Required action: Leave the pictures out. Retype exactly the lines below from the one containing "CH - P SA Au" through the one containing "Tulip Sunlover", and no others.

Available data:

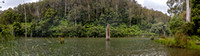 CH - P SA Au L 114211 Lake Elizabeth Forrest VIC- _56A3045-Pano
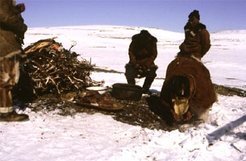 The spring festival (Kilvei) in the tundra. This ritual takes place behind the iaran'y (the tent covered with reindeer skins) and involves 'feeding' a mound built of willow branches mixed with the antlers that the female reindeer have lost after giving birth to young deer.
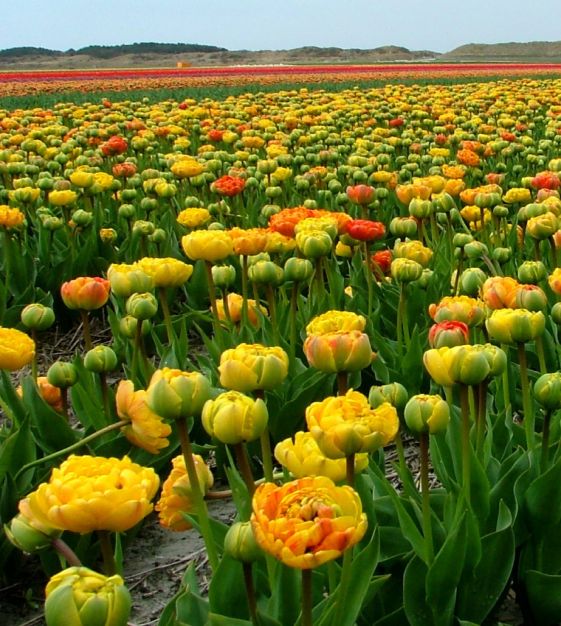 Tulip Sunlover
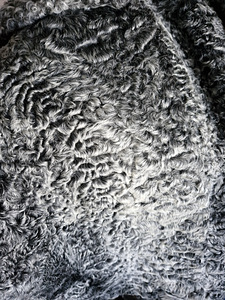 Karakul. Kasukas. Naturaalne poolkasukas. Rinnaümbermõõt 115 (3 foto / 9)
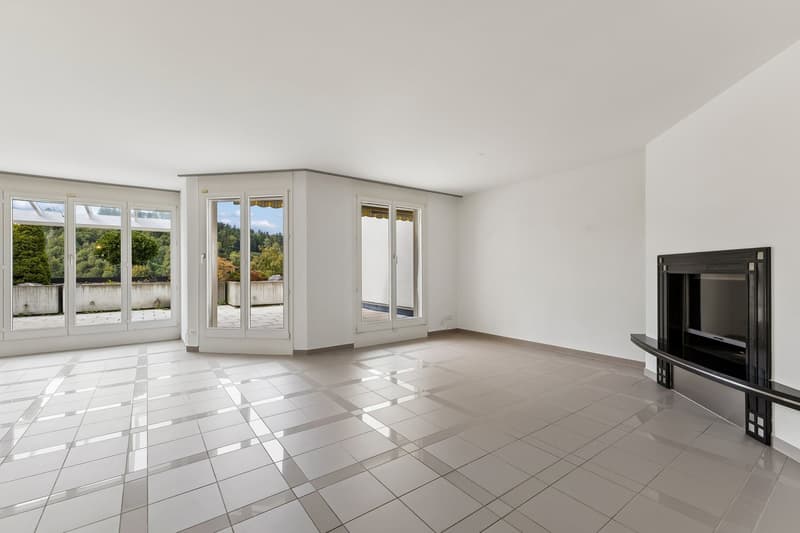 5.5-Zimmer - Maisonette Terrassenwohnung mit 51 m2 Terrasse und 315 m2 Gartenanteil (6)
---
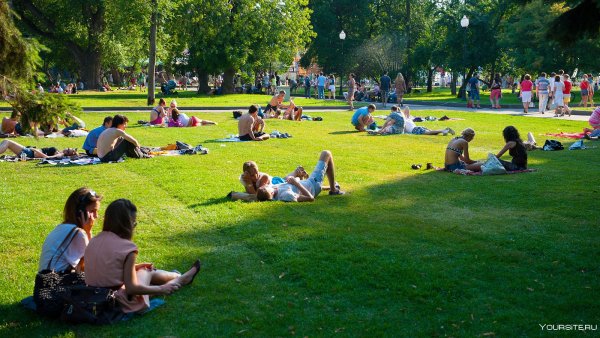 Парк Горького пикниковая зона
* * *
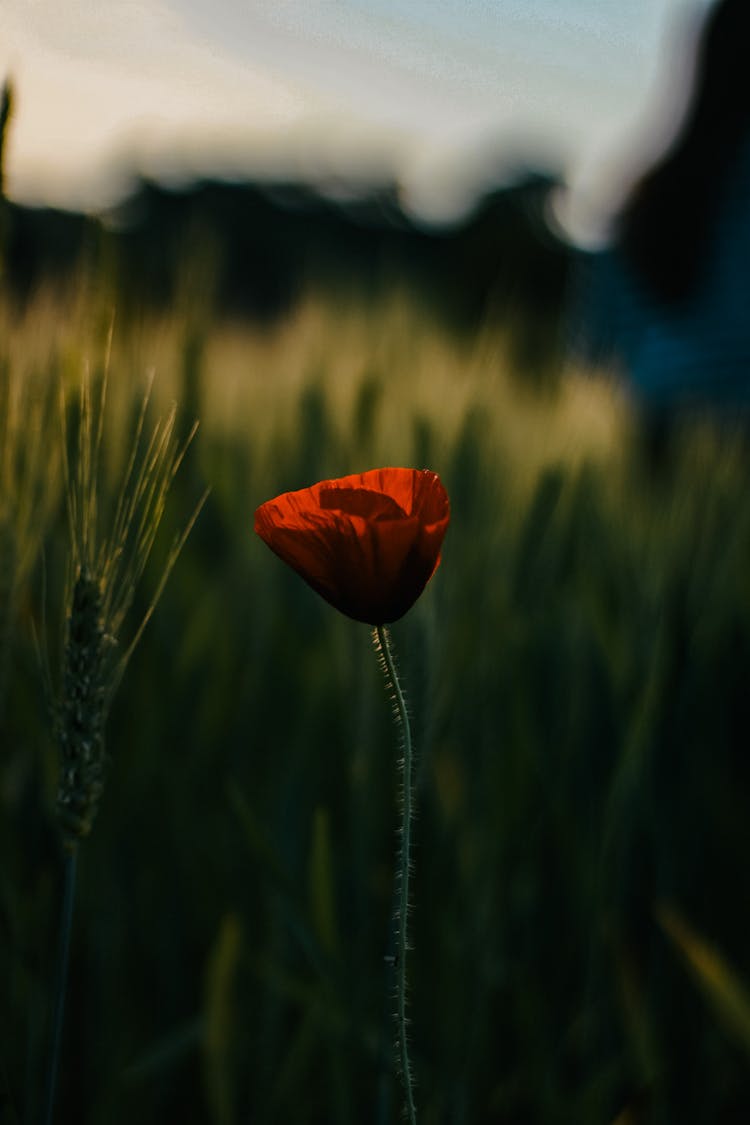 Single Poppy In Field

Response for this exercise:
 CH - P SA Au L 114211 Lake Elizabeth Forrest VIC- _56A3045-Pano
 The spring festival (Kilvei) in the tundra. This ritual takes place behind the iaran'y (the tent covered with reindeer skins) and involves 'feeding' a mound built of willow branches mixed with the antlers that the female reindeer have lost after giving birth to young deer.
 Tulip Sunlover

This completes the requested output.